**WHAT YOU SHOULD DO**
Below are entries. Reproduce exactly the lines between the line holding "Cardigan 'Athletic Essential" and the line holding "SAKO GANT FLANNEL", inclusive, and only those.

━━━━━━━━━━━━━━━━━━━━━━━━━━━━━━

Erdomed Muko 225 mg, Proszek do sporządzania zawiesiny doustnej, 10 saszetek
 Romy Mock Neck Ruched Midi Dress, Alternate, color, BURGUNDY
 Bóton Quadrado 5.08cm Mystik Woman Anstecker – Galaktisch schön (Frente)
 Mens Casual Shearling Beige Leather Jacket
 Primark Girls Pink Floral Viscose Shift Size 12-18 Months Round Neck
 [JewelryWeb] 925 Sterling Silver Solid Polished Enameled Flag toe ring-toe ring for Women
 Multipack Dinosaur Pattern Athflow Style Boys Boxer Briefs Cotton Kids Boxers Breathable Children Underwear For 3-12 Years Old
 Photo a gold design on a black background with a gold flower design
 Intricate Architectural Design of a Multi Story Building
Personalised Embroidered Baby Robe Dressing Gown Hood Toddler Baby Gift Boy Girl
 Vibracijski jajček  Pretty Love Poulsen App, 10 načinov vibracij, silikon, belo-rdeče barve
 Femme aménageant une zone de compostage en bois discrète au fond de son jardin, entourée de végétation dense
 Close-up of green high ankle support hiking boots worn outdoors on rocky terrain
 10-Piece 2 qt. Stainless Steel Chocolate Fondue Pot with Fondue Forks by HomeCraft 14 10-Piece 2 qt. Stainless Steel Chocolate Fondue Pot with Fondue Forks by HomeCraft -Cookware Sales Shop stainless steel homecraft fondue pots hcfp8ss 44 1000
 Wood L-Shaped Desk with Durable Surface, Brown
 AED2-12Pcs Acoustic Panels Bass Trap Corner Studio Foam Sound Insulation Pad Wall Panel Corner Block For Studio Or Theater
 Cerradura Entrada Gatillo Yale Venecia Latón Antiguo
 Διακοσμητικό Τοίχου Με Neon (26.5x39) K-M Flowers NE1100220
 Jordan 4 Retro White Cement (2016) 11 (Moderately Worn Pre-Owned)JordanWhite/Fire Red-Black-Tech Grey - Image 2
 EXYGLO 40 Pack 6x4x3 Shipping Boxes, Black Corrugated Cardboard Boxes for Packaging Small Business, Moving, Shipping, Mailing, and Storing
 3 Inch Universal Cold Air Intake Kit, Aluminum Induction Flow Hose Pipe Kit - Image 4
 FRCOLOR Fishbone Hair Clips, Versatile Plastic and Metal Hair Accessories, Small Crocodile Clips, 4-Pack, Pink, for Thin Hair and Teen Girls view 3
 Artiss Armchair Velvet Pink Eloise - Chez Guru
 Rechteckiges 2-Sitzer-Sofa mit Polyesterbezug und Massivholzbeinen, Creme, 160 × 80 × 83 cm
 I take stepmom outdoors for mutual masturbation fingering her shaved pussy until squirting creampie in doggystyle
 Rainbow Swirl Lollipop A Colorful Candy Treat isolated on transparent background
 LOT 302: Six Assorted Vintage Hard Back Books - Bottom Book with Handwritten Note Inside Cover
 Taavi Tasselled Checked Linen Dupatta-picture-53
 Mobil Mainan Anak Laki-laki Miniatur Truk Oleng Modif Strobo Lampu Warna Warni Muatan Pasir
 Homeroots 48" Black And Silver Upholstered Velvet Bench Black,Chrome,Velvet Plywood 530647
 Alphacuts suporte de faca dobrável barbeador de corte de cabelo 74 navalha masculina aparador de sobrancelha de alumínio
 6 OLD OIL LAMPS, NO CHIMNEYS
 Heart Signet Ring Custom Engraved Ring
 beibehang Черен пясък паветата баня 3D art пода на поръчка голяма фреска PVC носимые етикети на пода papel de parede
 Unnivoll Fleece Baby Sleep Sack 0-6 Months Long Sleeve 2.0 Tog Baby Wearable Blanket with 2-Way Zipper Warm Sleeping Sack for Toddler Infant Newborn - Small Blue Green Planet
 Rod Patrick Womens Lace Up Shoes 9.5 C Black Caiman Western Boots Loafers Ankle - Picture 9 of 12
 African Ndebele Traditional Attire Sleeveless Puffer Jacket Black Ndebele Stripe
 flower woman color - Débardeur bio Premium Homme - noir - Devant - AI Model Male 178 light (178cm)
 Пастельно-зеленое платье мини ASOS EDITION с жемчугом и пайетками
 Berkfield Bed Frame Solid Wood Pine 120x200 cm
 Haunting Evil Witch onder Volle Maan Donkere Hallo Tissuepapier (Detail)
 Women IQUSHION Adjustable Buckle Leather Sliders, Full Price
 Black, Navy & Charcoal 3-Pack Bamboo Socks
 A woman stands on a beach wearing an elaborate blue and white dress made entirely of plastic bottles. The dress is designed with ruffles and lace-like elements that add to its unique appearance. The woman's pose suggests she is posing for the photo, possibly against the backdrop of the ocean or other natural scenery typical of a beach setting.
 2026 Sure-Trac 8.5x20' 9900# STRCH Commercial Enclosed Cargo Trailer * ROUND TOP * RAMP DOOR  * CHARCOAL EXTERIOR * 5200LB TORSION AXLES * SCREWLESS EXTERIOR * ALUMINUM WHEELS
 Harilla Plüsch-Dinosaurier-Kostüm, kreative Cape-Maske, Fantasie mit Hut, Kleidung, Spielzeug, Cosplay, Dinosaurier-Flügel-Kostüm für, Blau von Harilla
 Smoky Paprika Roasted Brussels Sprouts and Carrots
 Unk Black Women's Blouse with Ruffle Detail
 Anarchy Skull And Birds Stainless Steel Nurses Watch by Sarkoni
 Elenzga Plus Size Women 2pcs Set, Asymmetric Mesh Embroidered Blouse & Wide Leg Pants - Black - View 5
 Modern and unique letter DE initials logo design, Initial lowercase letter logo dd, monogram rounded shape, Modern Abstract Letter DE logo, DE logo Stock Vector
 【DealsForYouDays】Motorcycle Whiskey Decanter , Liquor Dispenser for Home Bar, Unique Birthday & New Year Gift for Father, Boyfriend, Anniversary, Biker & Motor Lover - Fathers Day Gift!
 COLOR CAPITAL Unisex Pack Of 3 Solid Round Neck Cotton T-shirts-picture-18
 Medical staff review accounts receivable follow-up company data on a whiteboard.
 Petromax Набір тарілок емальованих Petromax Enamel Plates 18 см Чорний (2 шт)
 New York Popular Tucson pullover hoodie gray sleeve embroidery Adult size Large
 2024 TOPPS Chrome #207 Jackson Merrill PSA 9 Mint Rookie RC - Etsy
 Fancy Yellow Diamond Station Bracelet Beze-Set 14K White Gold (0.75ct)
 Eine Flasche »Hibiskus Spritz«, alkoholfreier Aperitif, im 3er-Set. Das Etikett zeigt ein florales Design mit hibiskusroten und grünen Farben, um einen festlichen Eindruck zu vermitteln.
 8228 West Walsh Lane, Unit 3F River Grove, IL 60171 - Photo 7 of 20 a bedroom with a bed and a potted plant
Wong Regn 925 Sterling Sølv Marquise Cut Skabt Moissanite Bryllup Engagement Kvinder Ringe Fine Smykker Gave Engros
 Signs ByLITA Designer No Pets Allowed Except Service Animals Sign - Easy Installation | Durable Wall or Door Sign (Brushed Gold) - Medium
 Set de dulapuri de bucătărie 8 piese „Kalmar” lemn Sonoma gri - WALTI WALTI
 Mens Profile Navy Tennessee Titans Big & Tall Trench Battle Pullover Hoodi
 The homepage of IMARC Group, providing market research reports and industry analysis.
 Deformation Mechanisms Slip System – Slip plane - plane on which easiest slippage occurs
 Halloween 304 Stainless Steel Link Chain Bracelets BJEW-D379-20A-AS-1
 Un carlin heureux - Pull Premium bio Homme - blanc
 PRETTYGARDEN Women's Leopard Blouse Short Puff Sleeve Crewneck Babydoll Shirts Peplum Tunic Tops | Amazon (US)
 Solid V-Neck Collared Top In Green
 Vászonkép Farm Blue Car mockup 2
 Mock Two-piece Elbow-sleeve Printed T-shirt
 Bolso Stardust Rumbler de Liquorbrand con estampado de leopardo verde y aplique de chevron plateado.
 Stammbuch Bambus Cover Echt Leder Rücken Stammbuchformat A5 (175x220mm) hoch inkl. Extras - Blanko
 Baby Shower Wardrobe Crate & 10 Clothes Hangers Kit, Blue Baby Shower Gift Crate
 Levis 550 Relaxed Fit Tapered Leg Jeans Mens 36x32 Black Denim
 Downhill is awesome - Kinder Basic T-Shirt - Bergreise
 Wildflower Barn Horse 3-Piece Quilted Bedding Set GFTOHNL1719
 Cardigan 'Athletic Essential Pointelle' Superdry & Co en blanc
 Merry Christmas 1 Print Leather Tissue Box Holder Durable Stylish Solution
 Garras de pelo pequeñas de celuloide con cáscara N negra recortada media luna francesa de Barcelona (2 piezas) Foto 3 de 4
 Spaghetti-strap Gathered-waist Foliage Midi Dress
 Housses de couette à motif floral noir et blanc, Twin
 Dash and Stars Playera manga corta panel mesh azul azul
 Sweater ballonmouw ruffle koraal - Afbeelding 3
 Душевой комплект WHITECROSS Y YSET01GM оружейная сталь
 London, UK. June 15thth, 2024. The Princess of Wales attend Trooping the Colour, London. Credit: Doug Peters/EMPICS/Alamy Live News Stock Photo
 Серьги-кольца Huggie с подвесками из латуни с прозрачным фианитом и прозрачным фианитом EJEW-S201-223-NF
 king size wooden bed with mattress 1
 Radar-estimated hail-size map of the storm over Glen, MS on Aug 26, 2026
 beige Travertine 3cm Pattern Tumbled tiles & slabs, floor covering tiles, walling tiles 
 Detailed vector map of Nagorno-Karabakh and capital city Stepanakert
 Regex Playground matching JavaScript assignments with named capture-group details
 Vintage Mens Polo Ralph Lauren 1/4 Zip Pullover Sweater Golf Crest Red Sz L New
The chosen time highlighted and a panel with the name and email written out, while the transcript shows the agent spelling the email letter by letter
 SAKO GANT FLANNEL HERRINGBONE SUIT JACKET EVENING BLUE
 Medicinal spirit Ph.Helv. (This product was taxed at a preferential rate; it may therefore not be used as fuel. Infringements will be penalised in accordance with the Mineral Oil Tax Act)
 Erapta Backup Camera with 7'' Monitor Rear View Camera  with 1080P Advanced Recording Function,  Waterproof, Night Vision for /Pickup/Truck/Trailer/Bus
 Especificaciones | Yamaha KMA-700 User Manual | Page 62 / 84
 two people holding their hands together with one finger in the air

━━━━━━━━━━━━━━━━━━━━━━━━━━━━━━

**EXERCISE OUTPUT**
 Cardigan 'Athletic Essential Pointelle' Superdry & Co en blanc
 Merry Christmas 1 Print Leather Tissue Box Holder Durable Stylish Solution
 Garras de pelo pequeñas de celuloide con cáscara N negra recortada media luna francesa de Barcelona (2 piezas) Foto 3 de 4
 Spaghetti-strap Gathered-waist Foliage Midi Dress
 Housses de couette à motif floral noir et blanc, Twin
 Dash and Stars Playera manga corta panel mesh azul azul
 Sweater ballonmouw ruffle koraal - Afbeelding 3
 Душевой комплект WHITECROSS Y YSET01GM оружейная сталь
 London, UK. June 15thth, 2024. The Princess of Wales attend Trooping the Colour, London. Credit: Doug Peters/EMPICS/Alamy Live News Stock Photo
 Серьги-кольца Huggie с подвесками из латуни с прозрачным фианитом и прозрачным фианитом EJEW-S201-223-NF
 king size wooden bed with mattress 1
 Radar-estimated hail-size map of the storm over Glen, MS on Aug 26, 2026
 beige Travertine 3cm Pattern Tumbled tiles & slabs, floor covering tiles, walling tiles 
 Detailed vector map of Nagorno-Karabakh and capital city Stepanakert
 Regex Playground matching JavaScript assignments with named capture-group details
 Vintage Mens Polo Ralph Lauren 1/4 Zip Pullover Sweater Golf Crest Red Sz L New
The chosen time highlighted and a panel with the name and email written out, while the transcript shows the agent spelling the email letter by letter
 SAKO GANT FLANNEL HERRINGBONE SUIT JACKET EVENING BLUE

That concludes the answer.